▶ Directions:
Every picture should be left out, but the lines below must be repeated exactly.

▶ Exercise data:
= = =
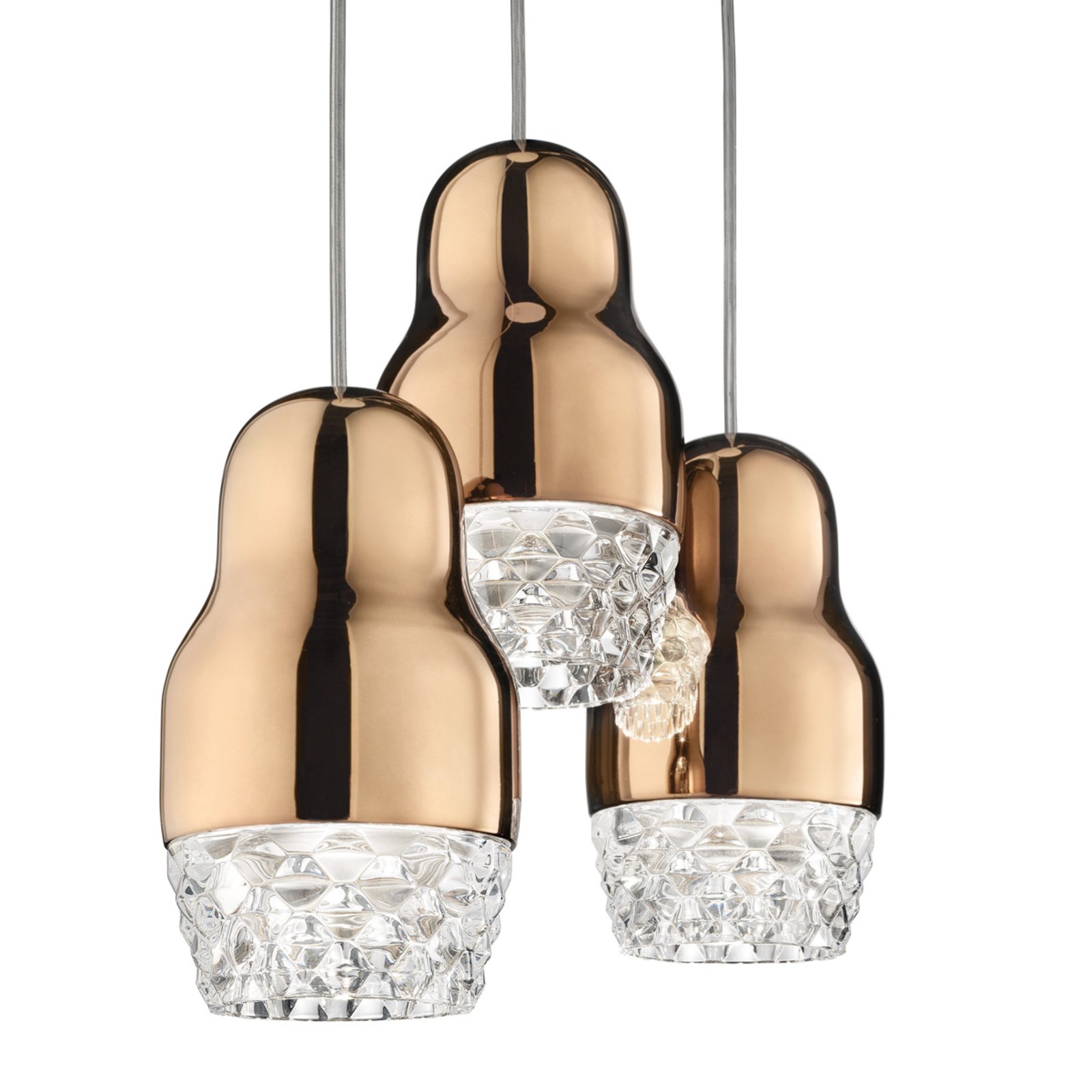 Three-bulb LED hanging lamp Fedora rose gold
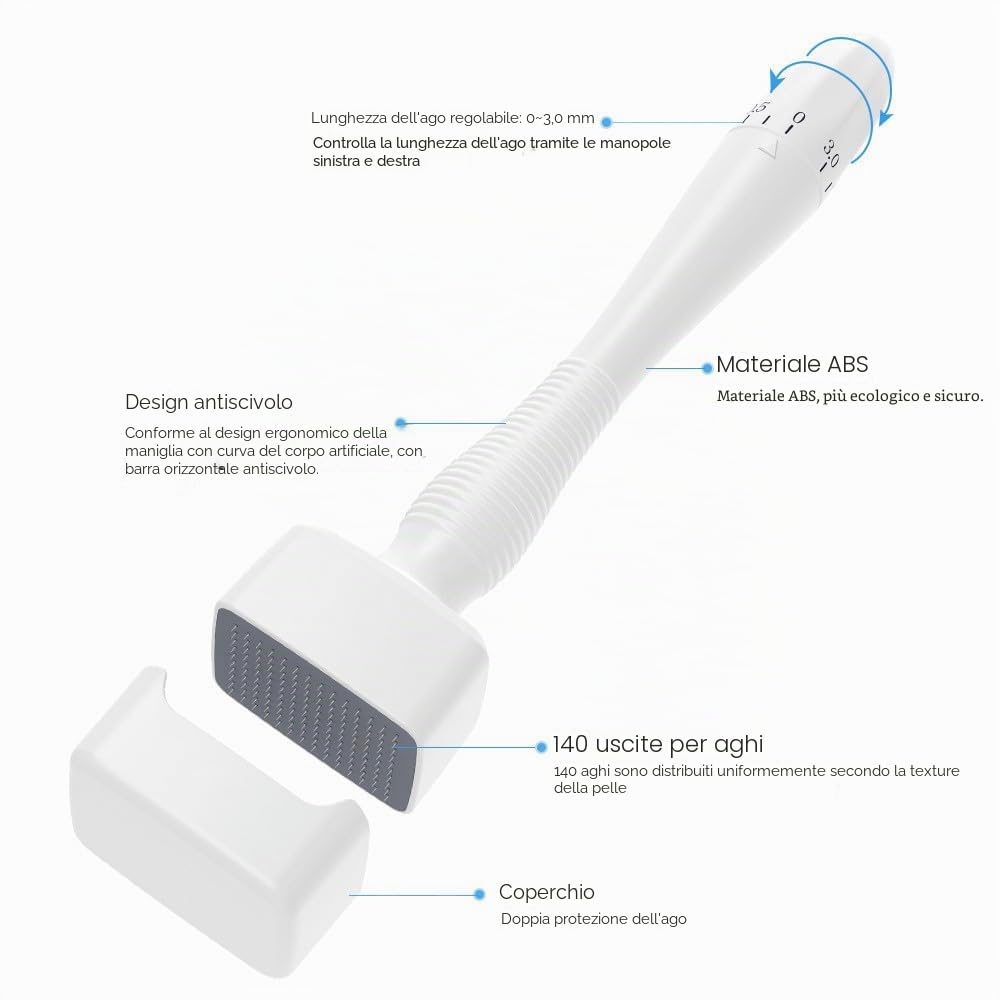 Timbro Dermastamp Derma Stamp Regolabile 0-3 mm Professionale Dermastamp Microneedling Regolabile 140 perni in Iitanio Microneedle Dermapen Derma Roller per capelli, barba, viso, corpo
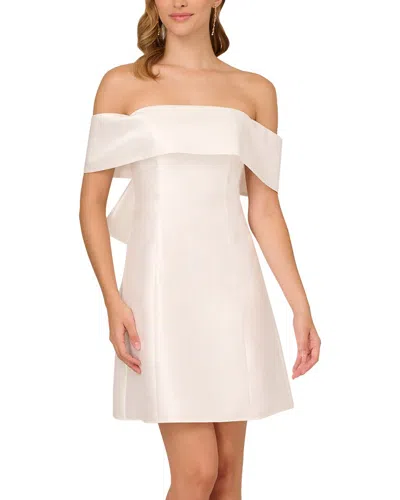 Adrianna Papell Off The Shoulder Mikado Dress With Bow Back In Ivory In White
= = =
▶ Solution for this problem:
 Three-bulb LED hanging lamp Fedora rose gold
 Timbro Dermastamp Derma Stamp Regolabile 0-3 mm Professionale Dermastamp Microneedling Regolabile 140 perni in Iitanio Microneedle Dermapen Derma Roller per capelli, barba, viso, corpo
 Adrianna Papell Off The Shoulder Mikado Dress With Bow Back In Ivory In White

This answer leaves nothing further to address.